Here is what one is most likely to find in a bear trader's manual on how to profit from short selling.
• Go after companies with weak or worsening fundamentals.
• Look for problems in the balance sheet (too much debt, for one).
• Target promoters who are over-leveraged (having pledged a big chunk of their shares).
• More specifically, aim for promoters who love punting in their own stock.
• Stocks with a combination of weak fundamentals, eligible for futures & options trading, and a market-cap crazy promoter, are ripe for short selling.
• If possible, find out from the market or from a source at the financier (where the promoter has pledged shares) the trigger point for margin calls.
• If the stakes are high, it even pays to have a mole in the target company who can pass on vital information about the promoter’s counterattack plan.
• Check the general sentiment in the market. Short sales have the maximum impact when the overall outlook (both on the economy and the market) is bearish.
• If all these conditions are satisfied, just go ahead and start hammering the futures indiscriminately.
And that is exactly what bear traders seem to be doing when shorting!
Companies where stock prices have plunged dramatically (prompting howls of protest from the promoters) satisfy many or even all of the above mentioned conditions.
And whatever the promoters’ claims, bears cannot hope to profit unless the company’s fundamentals are weak the overall market trend, bearish.
Here is how massive short selling of futures triggers a slide in the stock price. Stock futures always trade at a slight premium to spot price, and this gap is usually constant, except in very volatile market conditions.
Many traders make a small but low risk profit by short selling stock futures and simultaneously buying an equivalent quantity of shares, in what is known as cash-futures arbitrage.
Assume the stock future is quoting at Rs 101 and the stock at Rs 100. The trader will sell the future, buy the share, and lock the one-rupee profit. On expiry day of the contract, the trader will reverse the transaction i.e, he will buy the future and sell the share. As long as the gap between the futures and the spot price is same (irrespective of the prices at the time of expiry), the trader is ensured of his profit of one rupee. That is because any profit/loss on one leg of the trade will be offset by the loss/profit on the other leg.
What bear traders try and do is to short sell the futures so much that the futures start quoting at a discount to spot price, instead of the other way round. This then triggers a reverse arbitrage trade, as players try to cash in on this differential.

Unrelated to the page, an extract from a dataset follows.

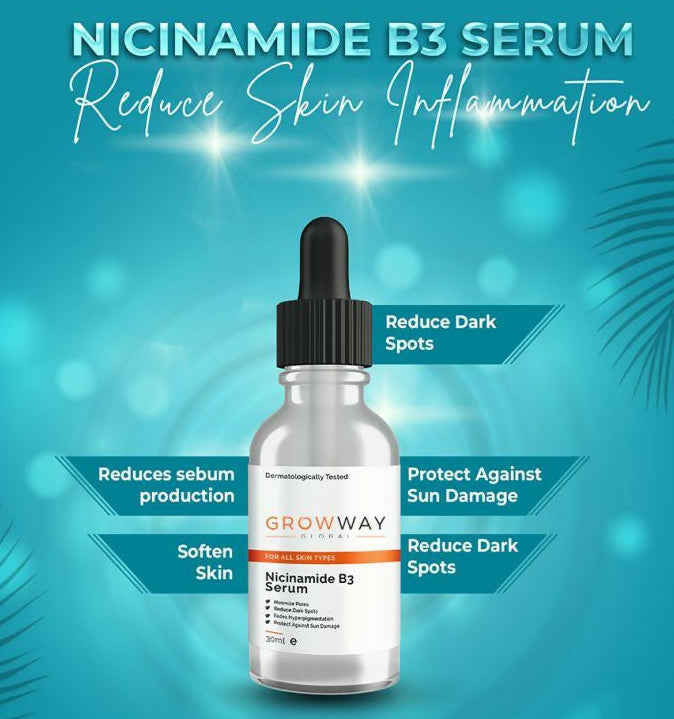 GROW WAY Nicinamide B3 Serum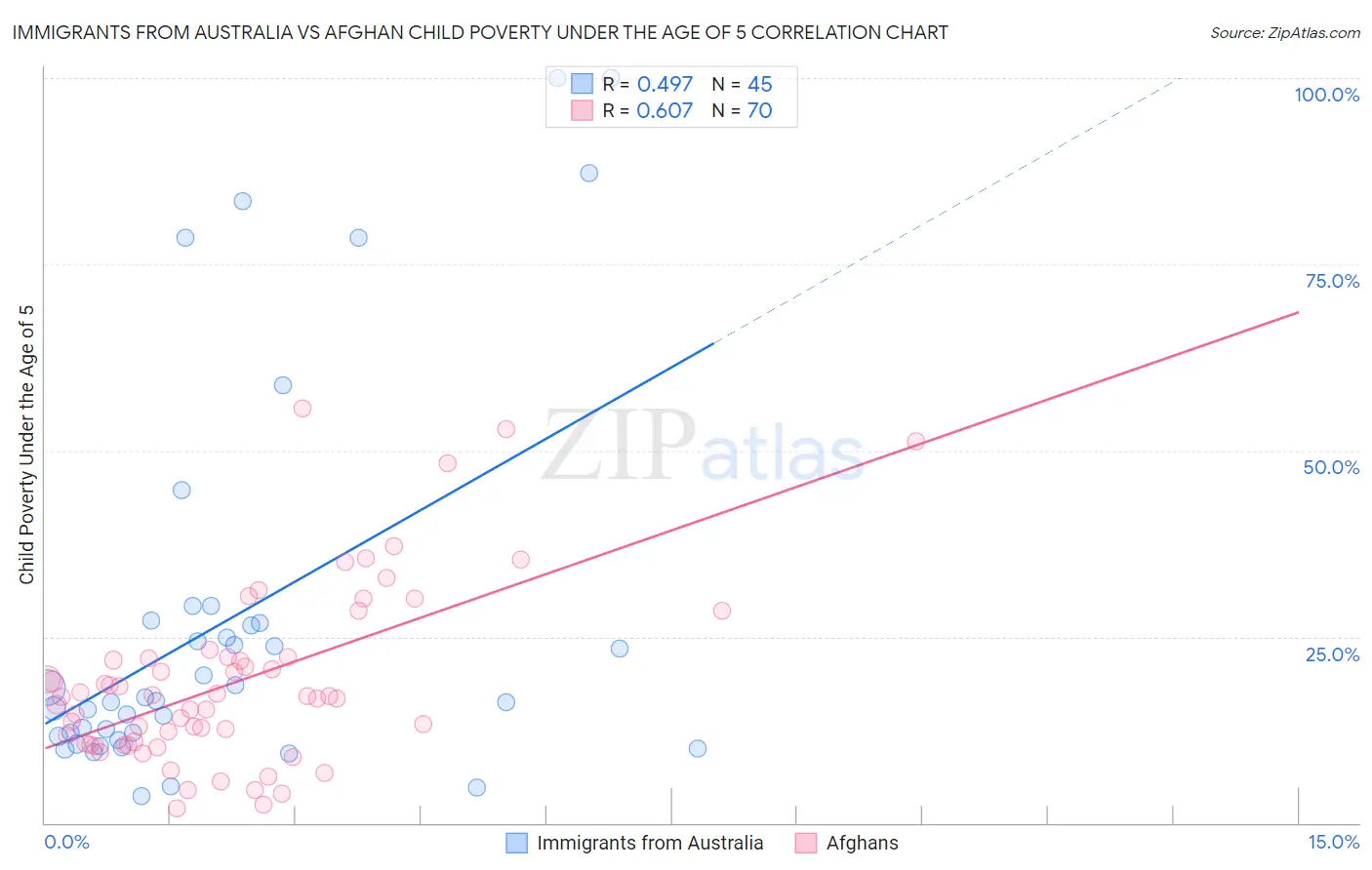 Immigrants from Australia vs Afghan Child Poverty Under the Age of 5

Assume now the stock is available for Rs 100, and the stock future for Rs 99.
Those owning the shares will sell them, and buy an equivalent quantity of futures, thus locking in the profit. As the supply of shares in the market increases, the stock price starts to slip. And as the gap between futures and spot is usually constant, the futures price will also start to slip, benefitting traders who have short sold the futures.
If the promoter has pledged a sizable chunk of his shares, the weakness in stock price will trigger margin calls, wherein he has to either deposit more shares as collateral or return a part of the money he has borrowed. If the promoter is unable to meet the margin call, the lender will dump his shares, causing the stock price to crash.

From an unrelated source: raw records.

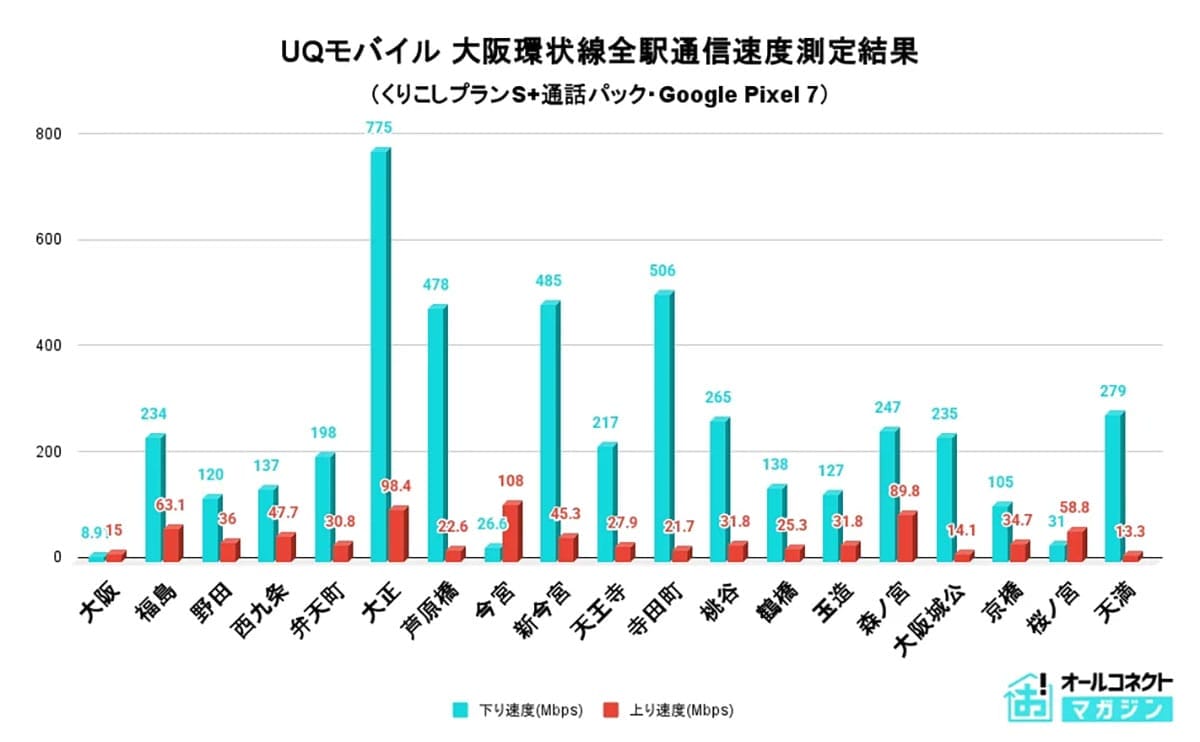 UQモバイル、通信最速は“あの駅”! JR大阪環状線全19駅で速度を徹底比較の画像3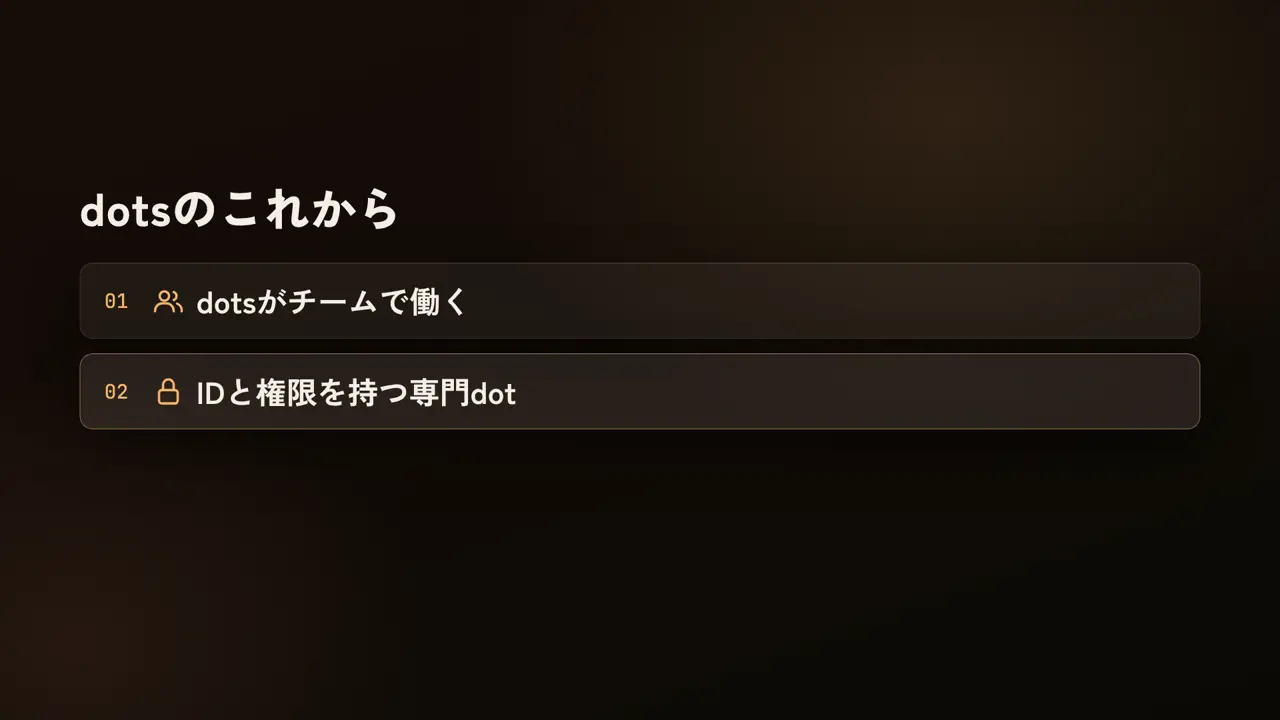 dotsのこれから、dotsがチームで働く、IDと権限を持つ専門dot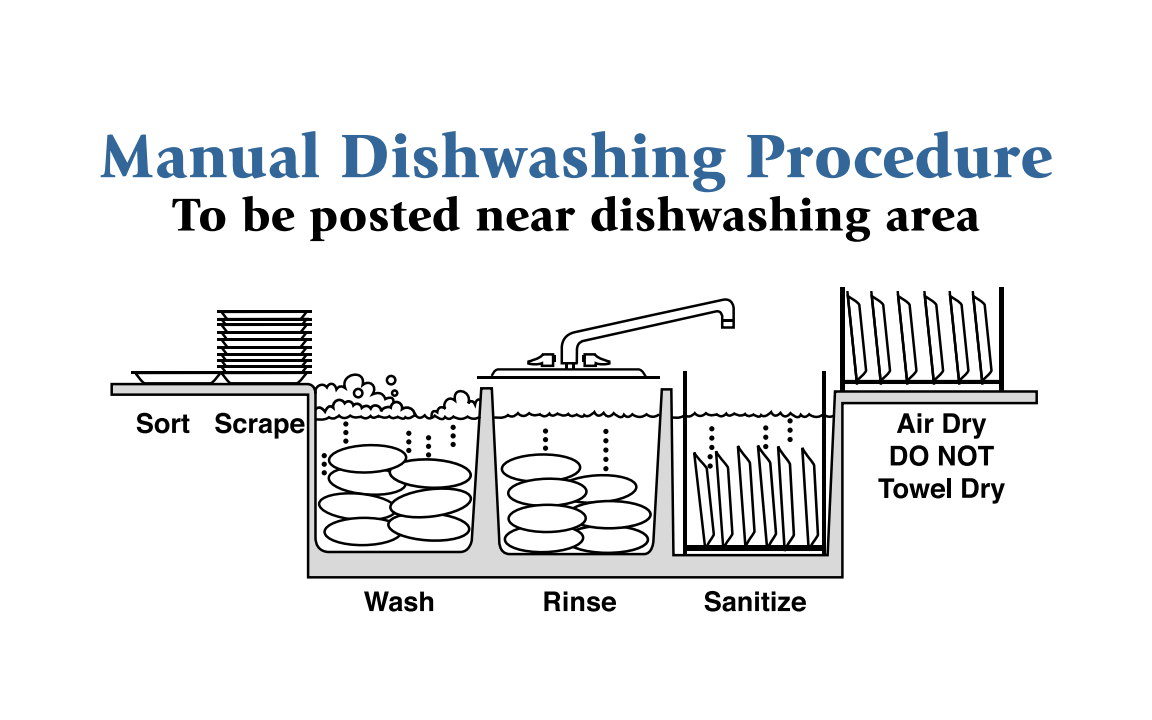 BASIC OF WARE WASHING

There have been a few instances when bear cartels have actually have maximized their profits by timing their sell trades to perfection. In 2009, bears increased their short positions in the stock of a non-conventional energy major after getting to learn that the promoter had stepped on to a flight to Europe to mobilize funds.
The stock fell below a trigger price, prompting many lenders to dump it and caused a complete rout. The bears would not have been so aggressive if the promoter was around, because they knew he could somehow support the stock price temporarily. But his travel plan was leaked to the bears, who then made a nice meal of the stock.